Shadow Of War Still Looms

Six decades after Nazi troops invaded Poland to start World War II, the presidents of Germany and Poland shook hands at their border Wednesday and jointly commemorated the conflict to promote reconciliation.

Johannes Rau of Germany and his Polish counterpart, Aleksander Kwasniewski, met on a flower-bedecked bridge over the Oder River separating their nations.

"The century that is ending now was a century of war," Rau said later at a ceremony in this Baltic port where the first shots of the war were fired. "Let us work together from this day forward so that at the end of the next century, Poles, Germans and all Europeans can say: The 21st century was a century of peace."

A few hundred war veterans took part in the ceremony beneath a towering concrete monument at Westerplatte, the site of a depot attacked by the German armored ship Schlezwig-Holstein before dawn on Sept. 1, 1939, to signal the start of the Nazi invasion.

Fighting eventually spread through 61 countries on four continents, killing 50 million people and forever changing the world order.

With flags fluttering under clear skies, Kwasniewski and Rau each pledged cooperation and friendship. Most of the veterans and several hundred other spectators supported the calls for reconciliation between neighbors still dealing with lingering problems and animosity from the war.

"I'm so happy to live to this moment that this terrible hatred between our nations is over," said Zofia Gawlicz, 84, who served as a nurse and messenger in the Polish underground.

But one man, a veteran of the Westerplatte battle wearing his Polish military uniform, opposed reconciliation with Germany.

"I will never shake hands with Germans," insisted Wiktor Bialous, 84.

Kwasniewski, a former communist, noted Gdansk was where the war began, but also where the Solidarity movement that toppled communism in Poland was founded. He added that Poland's defeat of communism helped spur the subsequent reunification of Germany, a point echoed by Rau.

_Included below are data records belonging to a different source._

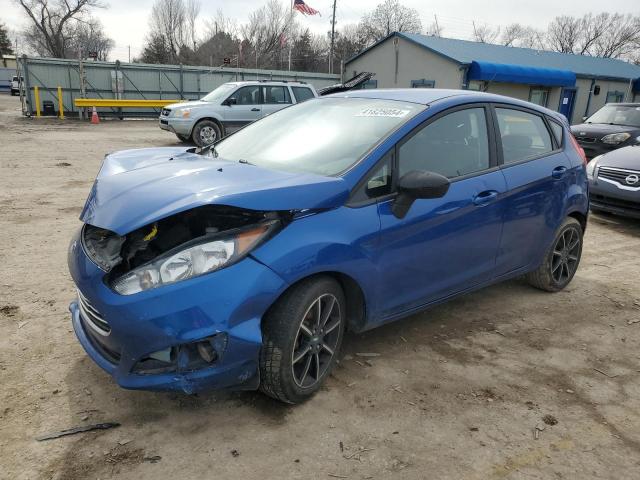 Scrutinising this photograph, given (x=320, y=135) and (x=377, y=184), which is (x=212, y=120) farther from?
(x=377, y=184)

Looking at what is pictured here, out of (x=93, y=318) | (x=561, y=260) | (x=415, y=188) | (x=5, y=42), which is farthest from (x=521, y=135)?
(x=5, y=42)

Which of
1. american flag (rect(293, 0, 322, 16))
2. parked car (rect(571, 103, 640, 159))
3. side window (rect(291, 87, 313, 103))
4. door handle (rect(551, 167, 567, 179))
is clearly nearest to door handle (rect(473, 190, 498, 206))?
door handle (rect(551, 167, 567, 179))

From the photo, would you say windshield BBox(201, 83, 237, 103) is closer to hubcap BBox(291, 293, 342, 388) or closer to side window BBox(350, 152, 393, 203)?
side window BBox(350, 152, 393, 203)

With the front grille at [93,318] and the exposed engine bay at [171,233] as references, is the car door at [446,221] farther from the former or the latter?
the front grille at [93,318]

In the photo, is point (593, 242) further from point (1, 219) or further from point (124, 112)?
point (124, 112)

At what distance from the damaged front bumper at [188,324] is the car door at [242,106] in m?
12.0

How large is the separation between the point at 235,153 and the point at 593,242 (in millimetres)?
5048

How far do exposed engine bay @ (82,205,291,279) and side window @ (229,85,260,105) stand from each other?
12.0m

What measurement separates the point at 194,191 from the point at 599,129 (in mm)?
11416

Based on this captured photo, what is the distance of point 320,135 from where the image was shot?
11.1 feet

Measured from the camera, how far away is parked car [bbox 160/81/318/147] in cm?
1377

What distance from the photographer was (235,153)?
142 inches

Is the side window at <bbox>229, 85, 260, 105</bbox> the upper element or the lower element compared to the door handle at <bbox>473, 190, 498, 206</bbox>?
upper

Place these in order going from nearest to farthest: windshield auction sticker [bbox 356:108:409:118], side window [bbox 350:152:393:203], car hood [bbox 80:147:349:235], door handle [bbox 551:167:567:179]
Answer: car hood [bbox 80:147:349:235]
side window [bbox 350:152:393:203]
windshield auction sticker [bbox 356:108:409:118]
door handle [bbox 551:167:567:179] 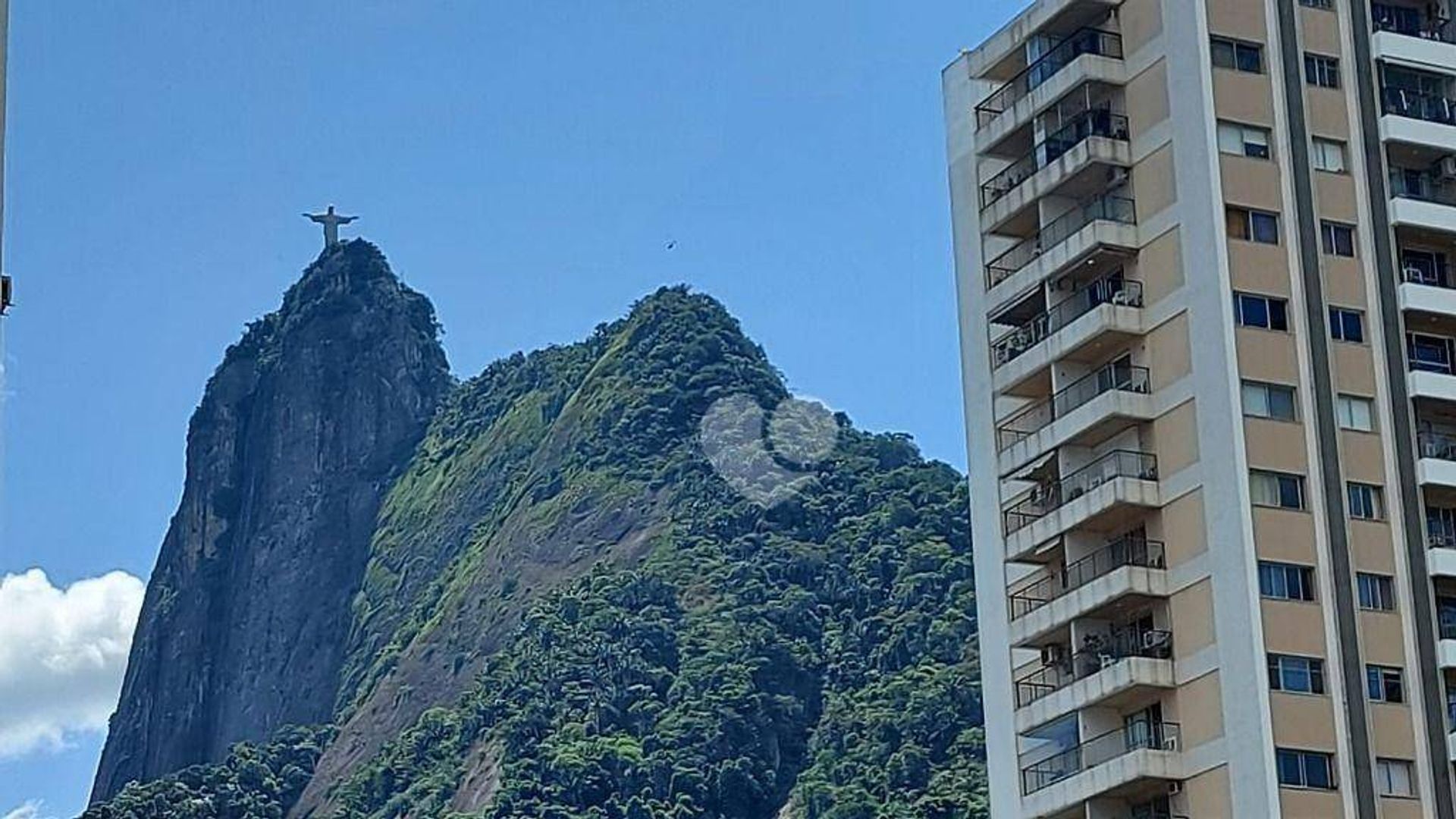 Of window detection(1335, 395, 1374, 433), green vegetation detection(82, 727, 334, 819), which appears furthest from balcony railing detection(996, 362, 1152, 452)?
green vegetation detection(82, 727, 334, 819)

"We meet in an entirely different country, a different world, and those who used to be our enemies we consider good neighbors and close partners," Kwasniewski said. "For the first time in our history we have been allies, and I'm proud that I can say more we are friends."

Poland was one of the war's biggest casualties, losing its independence, 6 million of its people and 40 percent of its national wealth. Decades of communist rule established by the Yalta agreement followed the fighting.

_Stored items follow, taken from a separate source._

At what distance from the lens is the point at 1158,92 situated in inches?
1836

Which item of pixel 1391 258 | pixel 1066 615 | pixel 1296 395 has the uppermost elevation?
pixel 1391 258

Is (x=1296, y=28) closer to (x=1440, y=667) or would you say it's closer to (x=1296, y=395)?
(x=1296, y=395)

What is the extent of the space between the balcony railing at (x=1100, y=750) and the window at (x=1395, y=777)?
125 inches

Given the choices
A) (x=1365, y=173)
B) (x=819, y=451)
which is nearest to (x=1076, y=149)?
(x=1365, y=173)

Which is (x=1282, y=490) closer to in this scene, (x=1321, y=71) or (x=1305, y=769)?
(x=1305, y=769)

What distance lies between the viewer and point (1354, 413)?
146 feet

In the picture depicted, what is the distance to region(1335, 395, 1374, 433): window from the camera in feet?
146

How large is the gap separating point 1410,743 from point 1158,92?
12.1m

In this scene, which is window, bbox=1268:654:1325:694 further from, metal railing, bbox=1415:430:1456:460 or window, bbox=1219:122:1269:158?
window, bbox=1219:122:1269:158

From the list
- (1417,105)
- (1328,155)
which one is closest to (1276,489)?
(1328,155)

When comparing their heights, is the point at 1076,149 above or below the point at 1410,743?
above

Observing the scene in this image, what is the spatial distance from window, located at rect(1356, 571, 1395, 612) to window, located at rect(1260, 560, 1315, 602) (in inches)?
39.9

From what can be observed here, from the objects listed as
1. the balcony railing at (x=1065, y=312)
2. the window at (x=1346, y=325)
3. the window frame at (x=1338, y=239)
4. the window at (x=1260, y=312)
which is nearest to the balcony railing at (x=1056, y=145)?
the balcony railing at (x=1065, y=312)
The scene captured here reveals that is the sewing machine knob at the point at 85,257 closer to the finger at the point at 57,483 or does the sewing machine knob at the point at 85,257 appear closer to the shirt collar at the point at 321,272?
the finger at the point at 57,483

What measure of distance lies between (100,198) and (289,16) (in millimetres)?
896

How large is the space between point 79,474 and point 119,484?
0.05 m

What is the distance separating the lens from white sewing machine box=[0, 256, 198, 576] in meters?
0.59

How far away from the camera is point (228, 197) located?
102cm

Now Poles have democracy 10 years after toppling communism. The reunified Germany has been Poland's strongest foreign investor and was a key supporter for its membership to NATO in March. It also has supported Poland's bid to join the European Union.

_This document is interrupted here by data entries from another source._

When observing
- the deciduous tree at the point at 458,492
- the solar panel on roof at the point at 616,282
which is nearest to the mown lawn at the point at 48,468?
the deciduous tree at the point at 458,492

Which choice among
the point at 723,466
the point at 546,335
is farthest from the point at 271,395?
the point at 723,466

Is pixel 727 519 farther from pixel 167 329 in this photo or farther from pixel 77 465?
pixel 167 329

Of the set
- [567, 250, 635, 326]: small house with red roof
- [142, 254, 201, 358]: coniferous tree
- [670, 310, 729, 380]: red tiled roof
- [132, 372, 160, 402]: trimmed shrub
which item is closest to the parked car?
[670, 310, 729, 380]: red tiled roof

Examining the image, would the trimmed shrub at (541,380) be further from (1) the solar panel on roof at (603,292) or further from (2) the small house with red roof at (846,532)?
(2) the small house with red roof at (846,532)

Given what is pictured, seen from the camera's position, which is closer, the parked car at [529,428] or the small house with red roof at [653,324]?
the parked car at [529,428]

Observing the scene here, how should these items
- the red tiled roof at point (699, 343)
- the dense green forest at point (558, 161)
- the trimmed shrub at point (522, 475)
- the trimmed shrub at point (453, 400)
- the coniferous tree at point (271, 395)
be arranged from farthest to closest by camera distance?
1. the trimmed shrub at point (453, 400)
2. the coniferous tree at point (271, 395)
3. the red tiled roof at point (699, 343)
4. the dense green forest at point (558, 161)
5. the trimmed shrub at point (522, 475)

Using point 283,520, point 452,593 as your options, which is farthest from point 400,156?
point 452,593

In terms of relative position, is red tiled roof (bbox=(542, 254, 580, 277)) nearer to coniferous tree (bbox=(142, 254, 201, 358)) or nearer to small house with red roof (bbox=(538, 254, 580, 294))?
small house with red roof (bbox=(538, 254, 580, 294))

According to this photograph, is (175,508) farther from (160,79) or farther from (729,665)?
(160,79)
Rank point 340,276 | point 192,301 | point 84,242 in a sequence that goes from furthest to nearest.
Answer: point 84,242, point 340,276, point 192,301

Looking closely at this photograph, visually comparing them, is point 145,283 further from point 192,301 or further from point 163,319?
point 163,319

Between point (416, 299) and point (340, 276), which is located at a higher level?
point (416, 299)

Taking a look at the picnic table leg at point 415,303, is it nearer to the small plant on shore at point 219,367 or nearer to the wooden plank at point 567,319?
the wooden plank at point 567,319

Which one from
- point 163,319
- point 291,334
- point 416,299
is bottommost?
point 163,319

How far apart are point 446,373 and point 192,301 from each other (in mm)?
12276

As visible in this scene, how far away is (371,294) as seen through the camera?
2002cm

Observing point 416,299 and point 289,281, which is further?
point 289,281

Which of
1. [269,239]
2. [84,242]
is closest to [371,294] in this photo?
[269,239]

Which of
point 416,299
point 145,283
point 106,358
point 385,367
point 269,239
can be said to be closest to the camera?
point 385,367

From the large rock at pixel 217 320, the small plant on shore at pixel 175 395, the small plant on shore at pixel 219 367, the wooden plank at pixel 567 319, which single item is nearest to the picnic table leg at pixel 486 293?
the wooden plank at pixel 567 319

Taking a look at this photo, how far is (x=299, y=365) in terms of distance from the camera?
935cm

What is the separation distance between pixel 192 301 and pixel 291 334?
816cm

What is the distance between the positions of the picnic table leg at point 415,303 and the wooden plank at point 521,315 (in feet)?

The reconciliation between the nations began with former West German Chancellor Willy Brandt, who knelt in penance at the memrial for victims of the Warsaw Ghetto uprising during a 1970 visit. Brandt also signed a treaty with Poland renouncing claims to 40,000 square miles of former German territory incorporated into Poland at the end of the war.

Still, some sticky issues from the war remain unresolved, such as compensation for Poles and other people forced into slave labor by the Nazis, recovering art work stolen from Poland, and property claims by Germans kicked out of territory given to Poland after the war.

"I hope that next year, the year 2000, will close all this stocktaking," Kwasniewski said. "[Reconciliation] takes place in the head, in the heart and in everyday activity. ... It will not be easy or fast."